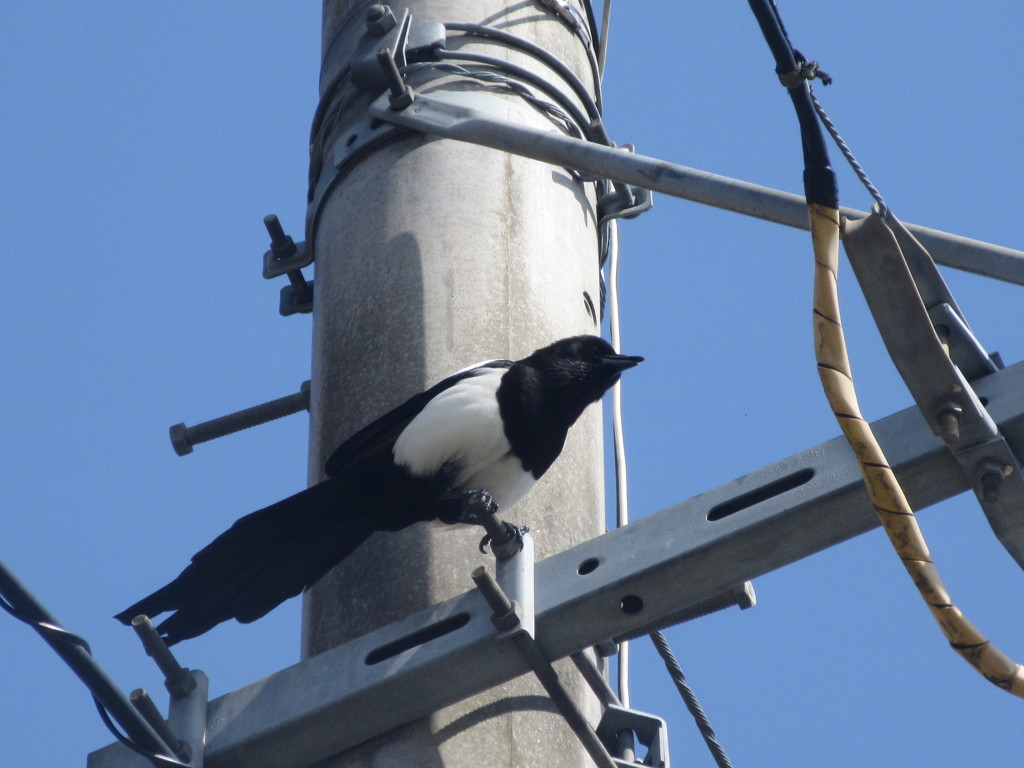 電線の上のカササギ②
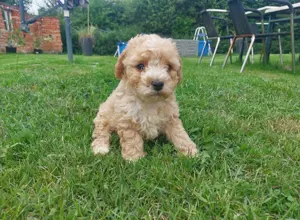 Die coolsten Zwergpudel Babys suchen ihren perfekten Partner  Bild 8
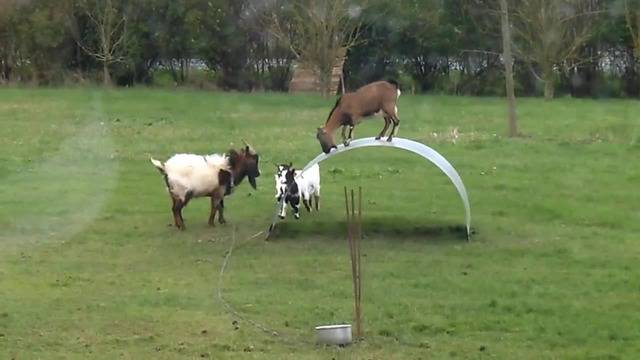 Шантава люлка за Кози …Смях!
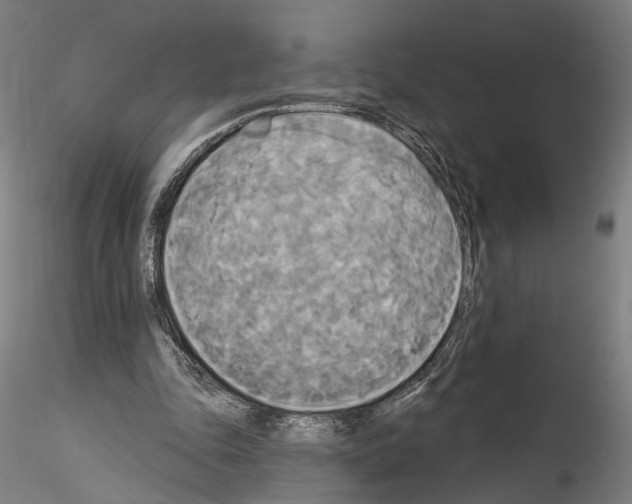 X0000114550343200911301229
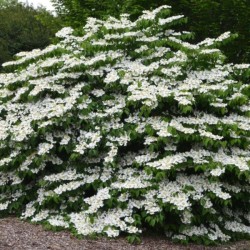 Viburnum plicatum 'Mariesii'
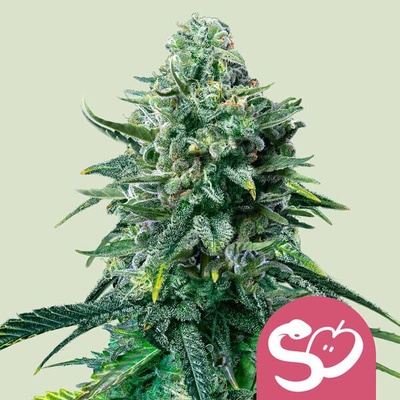 Royal Queen Seeds Forbidden Fruit semienka neobsahujú THC 10 ks
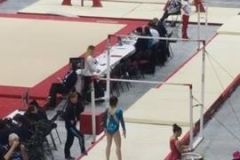 13249598_1028556077214126_1814976611_n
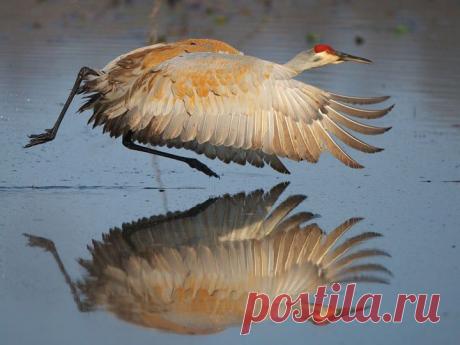 Потрясающий кадр! | НАУКА И ЖИЗНЬ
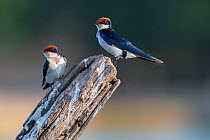 Wire-tailed swallow (Hirundo smithii), two perched on tree snag. Allahein River, Gambia.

□ □ □ □

Exercise brief —
Please retype every record exactly, leaving the pictures out.

Answer box —
 電線の上のカササギ②
 Die coolsten Zwergpudel Babys suchen ihren perfekten Partner  Bild 8
 Шантава люлка за Кози …Смях!
 X0000114550343200911301229
 Viburnum plicatum 'Mariesii'
 Royal Queen Seeds Forbidden Fruit semienka neobsahujú THC 10 ks
 13249598_1028556077214126_1814976611_n
 Потрясающий кадр! | НАУКА И ЖИЗНЬ
 Wire-tailed swallow (Hirundo smithii), two perched on tree snag. Allahein River, Gambia.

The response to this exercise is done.